Pull out every line below holding the word "Altima".

# # # # # # #

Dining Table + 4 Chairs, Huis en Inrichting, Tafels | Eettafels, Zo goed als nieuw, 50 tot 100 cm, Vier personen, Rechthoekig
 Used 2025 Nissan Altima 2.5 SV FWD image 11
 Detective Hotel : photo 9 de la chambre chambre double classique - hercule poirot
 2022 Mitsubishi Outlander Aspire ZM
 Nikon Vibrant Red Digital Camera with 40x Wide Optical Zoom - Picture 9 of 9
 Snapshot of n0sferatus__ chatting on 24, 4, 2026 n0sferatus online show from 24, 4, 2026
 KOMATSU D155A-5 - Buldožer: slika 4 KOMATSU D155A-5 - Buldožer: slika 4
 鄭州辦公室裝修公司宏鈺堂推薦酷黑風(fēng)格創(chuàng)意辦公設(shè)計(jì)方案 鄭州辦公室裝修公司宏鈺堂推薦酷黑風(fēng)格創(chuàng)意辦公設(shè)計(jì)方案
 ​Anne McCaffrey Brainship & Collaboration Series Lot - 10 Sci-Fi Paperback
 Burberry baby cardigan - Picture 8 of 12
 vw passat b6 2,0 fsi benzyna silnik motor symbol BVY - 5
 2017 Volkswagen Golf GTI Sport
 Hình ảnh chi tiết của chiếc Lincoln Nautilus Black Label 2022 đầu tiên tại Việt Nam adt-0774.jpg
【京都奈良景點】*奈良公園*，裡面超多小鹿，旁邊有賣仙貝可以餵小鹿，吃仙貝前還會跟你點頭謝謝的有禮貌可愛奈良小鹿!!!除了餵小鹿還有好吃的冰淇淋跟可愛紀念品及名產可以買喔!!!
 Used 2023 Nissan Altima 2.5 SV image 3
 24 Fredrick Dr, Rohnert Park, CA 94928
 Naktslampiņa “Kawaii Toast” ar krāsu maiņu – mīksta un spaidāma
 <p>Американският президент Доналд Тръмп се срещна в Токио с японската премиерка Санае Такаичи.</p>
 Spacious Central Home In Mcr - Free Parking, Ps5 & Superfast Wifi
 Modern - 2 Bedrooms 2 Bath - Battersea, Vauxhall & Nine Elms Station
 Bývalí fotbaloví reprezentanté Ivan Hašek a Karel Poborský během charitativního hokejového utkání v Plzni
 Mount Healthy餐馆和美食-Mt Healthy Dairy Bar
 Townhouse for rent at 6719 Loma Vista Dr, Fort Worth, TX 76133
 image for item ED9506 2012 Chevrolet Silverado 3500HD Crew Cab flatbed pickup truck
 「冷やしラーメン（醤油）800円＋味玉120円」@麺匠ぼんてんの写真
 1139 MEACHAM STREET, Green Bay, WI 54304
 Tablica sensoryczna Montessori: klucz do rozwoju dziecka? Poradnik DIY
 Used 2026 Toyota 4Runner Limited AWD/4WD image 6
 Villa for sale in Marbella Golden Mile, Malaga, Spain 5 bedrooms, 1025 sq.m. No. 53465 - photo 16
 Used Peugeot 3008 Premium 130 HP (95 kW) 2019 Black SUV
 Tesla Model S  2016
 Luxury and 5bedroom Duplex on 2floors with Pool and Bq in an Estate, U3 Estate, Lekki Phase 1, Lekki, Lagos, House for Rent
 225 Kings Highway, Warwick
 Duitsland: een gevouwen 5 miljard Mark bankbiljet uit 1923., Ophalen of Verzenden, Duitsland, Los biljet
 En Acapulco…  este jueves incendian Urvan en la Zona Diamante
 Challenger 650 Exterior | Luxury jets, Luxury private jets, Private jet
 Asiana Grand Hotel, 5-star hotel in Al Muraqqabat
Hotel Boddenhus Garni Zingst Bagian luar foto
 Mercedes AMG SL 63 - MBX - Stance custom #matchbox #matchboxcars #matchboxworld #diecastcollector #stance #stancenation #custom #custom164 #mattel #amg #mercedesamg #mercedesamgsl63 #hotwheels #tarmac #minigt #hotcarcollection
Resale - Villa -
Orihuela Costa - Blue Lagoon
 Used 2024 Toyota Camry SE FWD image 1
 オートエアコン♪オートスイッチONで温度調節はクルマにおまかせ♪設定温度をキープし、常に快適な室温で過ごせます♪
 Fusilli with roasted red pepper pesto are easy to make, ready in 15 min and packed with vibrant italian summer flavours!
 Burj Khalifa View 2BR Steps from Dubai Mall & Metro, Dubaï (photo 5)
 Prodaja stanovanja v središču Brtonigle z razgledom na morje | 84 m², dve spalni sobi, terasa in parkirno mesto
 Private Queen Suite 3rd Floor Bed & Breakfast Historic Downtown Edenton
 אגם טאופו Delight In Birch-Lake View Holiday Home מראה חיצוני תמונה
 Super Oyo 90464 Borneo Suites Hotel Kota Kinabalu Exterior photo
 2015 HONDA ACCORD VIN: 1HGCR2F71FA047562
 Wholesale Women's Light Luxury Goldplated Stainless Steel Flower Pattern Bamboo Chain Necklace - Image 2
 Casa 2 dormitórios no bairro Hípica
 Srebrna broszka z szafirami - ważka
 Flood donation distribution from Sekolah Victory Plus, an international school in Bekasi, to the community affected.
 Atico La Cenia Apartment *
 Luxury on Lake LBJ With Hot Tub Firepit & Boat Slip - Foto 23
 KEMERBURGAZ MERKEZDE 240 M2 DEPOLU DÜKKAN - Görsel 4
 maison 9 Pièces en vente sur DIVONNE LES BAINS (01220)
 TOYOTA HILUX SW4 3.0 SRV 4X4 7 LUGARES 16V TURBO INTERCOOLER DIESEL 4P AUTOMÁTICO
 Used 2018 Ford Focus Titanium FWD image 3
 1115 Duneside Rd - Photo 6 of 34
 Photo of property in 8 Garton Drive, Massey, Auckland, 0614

# # # # # # #

* **YOUR RESPONSE**:
 Used 2025 Nissan Altima 2.5 SV FWD image 11
 Used 2023 Nissan Altima 2.5 SV image 3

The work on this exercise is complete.